[Stored records]
⁂

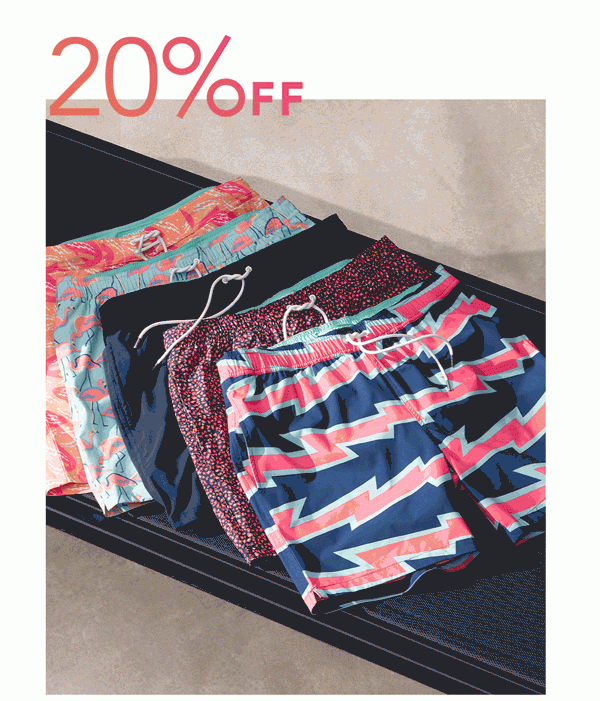 Today Only: Get 20% Off Shorts & Swim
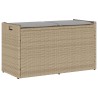 Banc de rangement extérieur coussin beige 100 cm résine tressée 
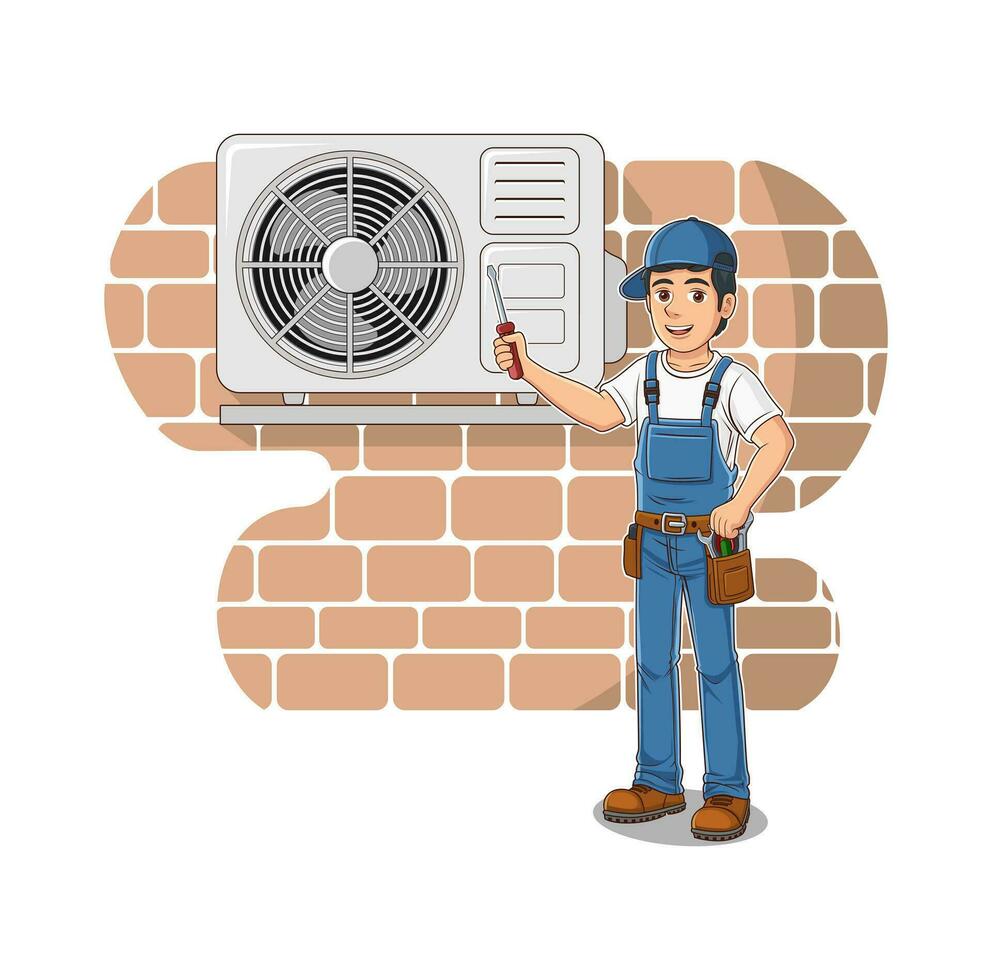 ilustración de diseño de personaje de dibujos animados de servicio hvac vector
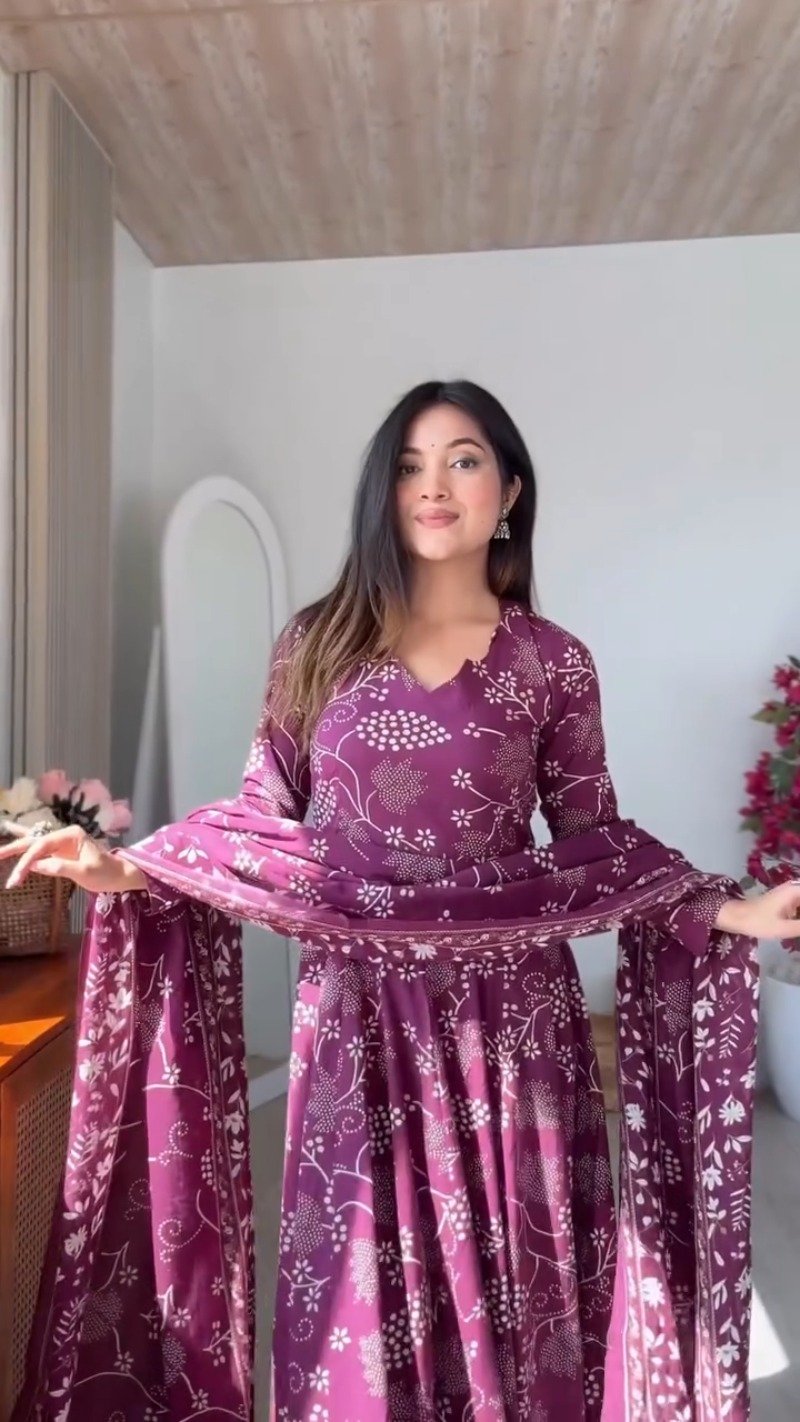Elegant Floral Print Anarkali Kurta Set with Dupatta – Available in Deep Plum & Midnight Blue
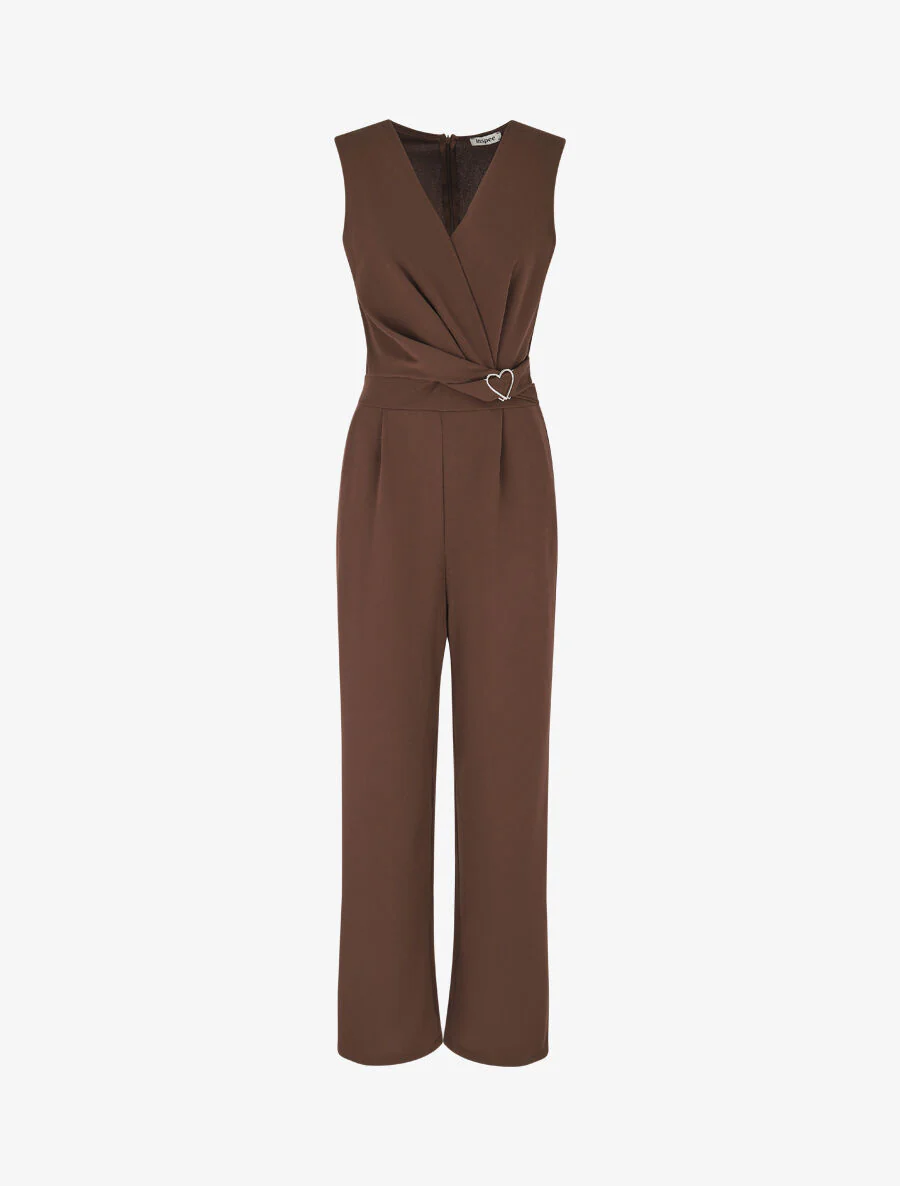Effen mouwloze jumpsuit met hartdetail - Bruin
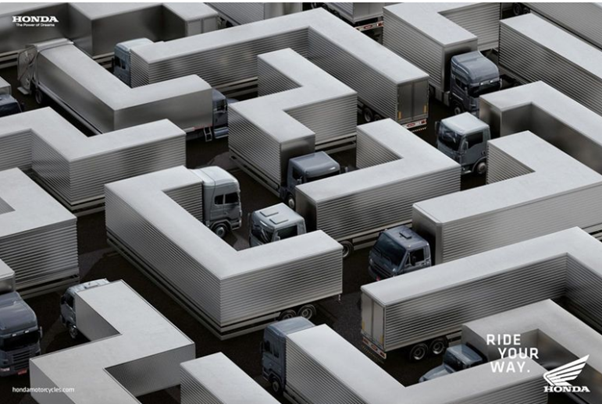 Automobiles forming a maze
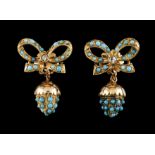 A pair of earringsPortuguese goldA bow with drop acorns set with micro turquoisesOporto hallmark,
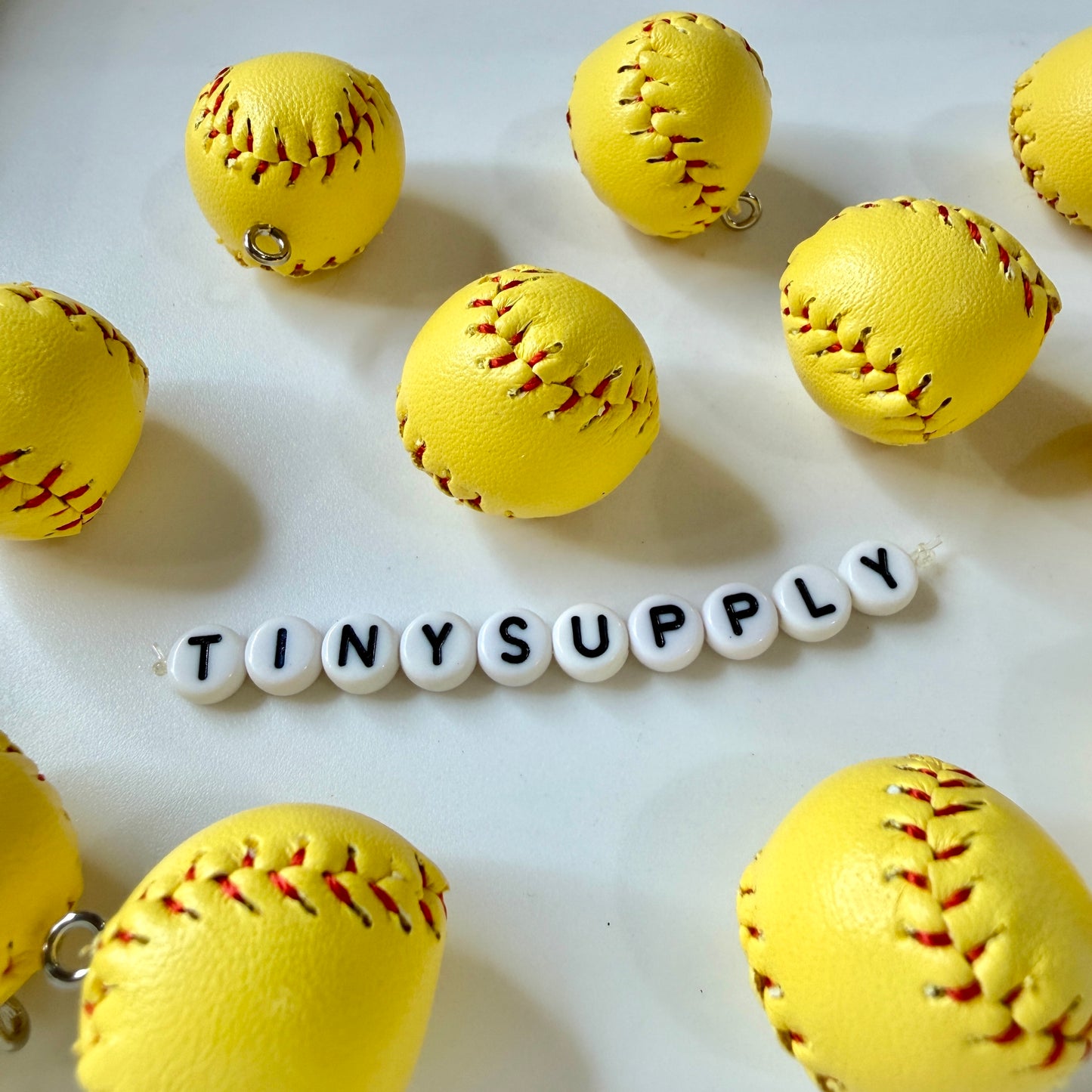 Baseball, Yellow Softball, and Bat Sports Themed Charms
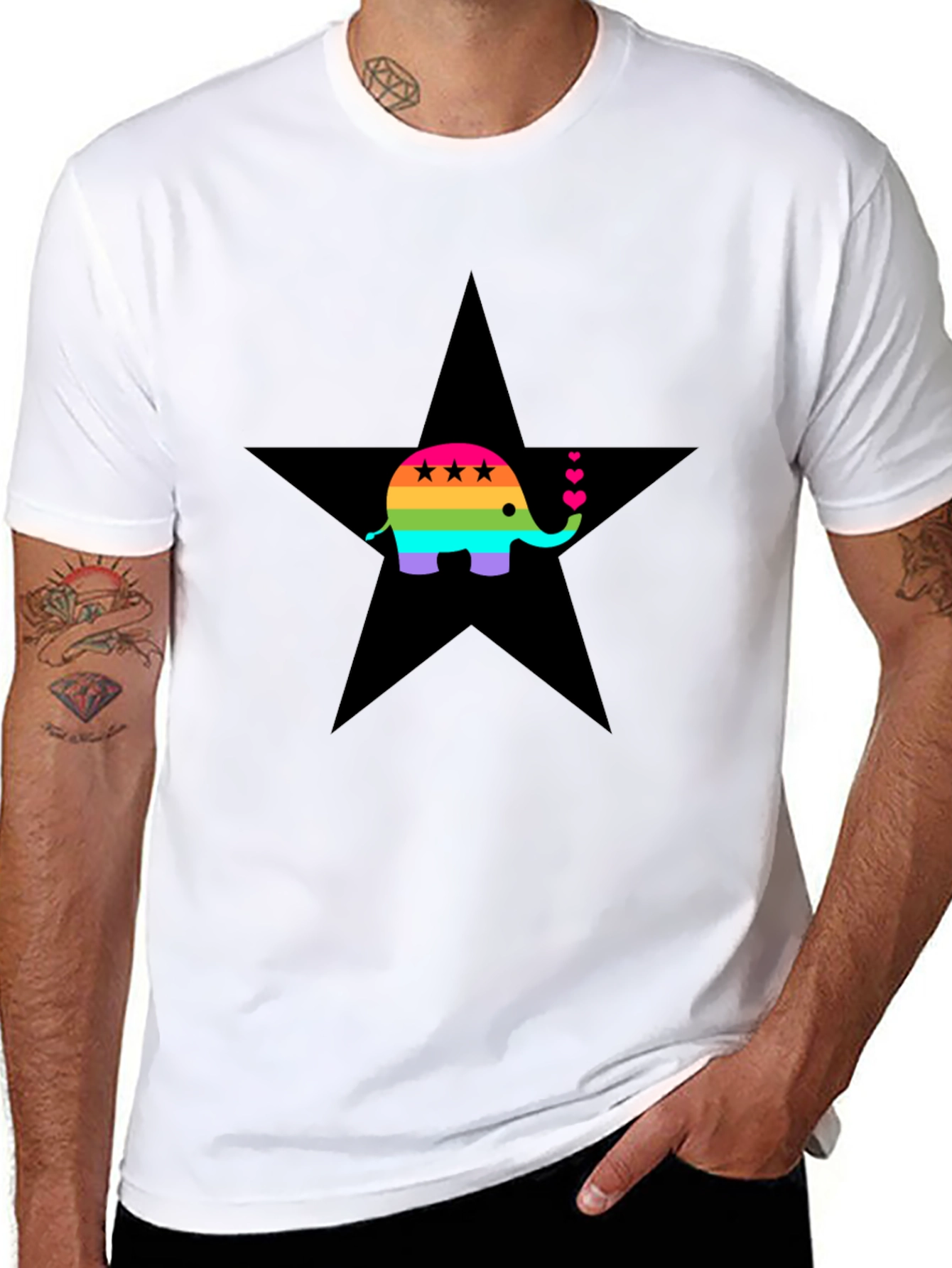 Rainbow Elephant Star Tee - Stylish Graphic Print Shirt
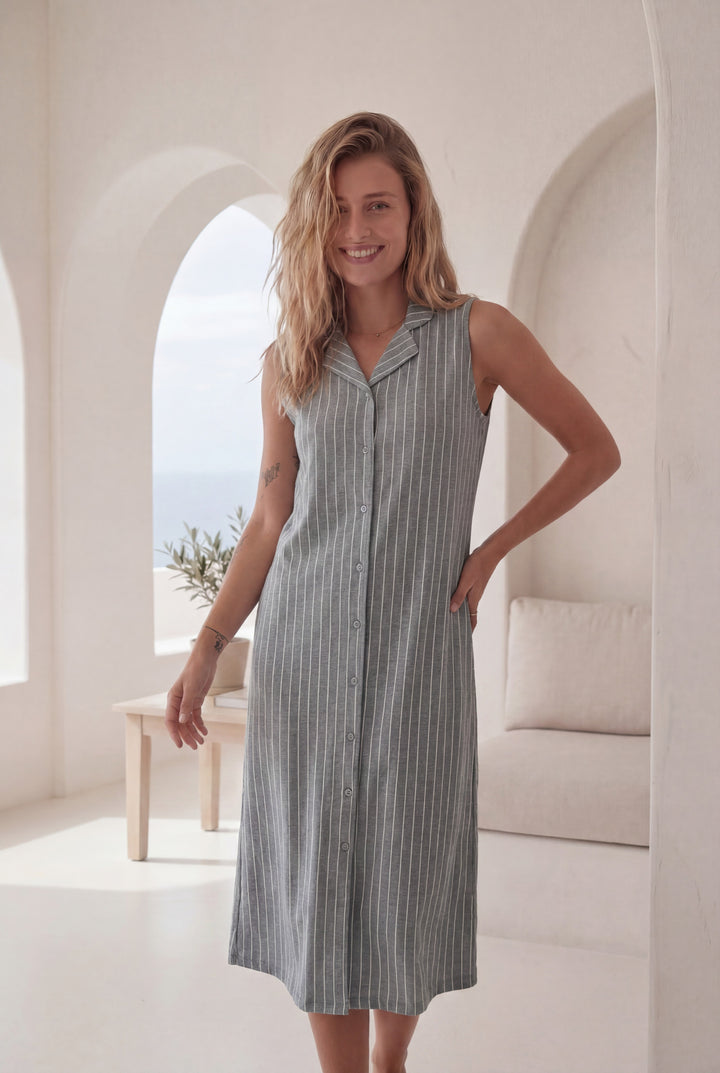 Women’s Grey Striped Sleeveless Sleep Dress l 8020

⁂

REQUIRED WORK:
Exactly as written, reproduce the lines from the one containing "Effen mouwloze jumpsuit" through the last line of the entries above, and leave every picture out.

EXERCISE OUTPUT:
Effen mouwloze jumpsuit met hartdetail - Bruin
 Automobiles forming a maze
 A pair of earringsPortuguese goldA bow with drop acorns set with micro turquoisesOporto hallmark,
 Baseball, Yellow Softball, and Bat Sports Themed Charms
 Rainbow Elephant Star Tee - Stylish Graphic Print Shirt
 Women’s Grey Striped Sleeveless Sleep Dress l 8020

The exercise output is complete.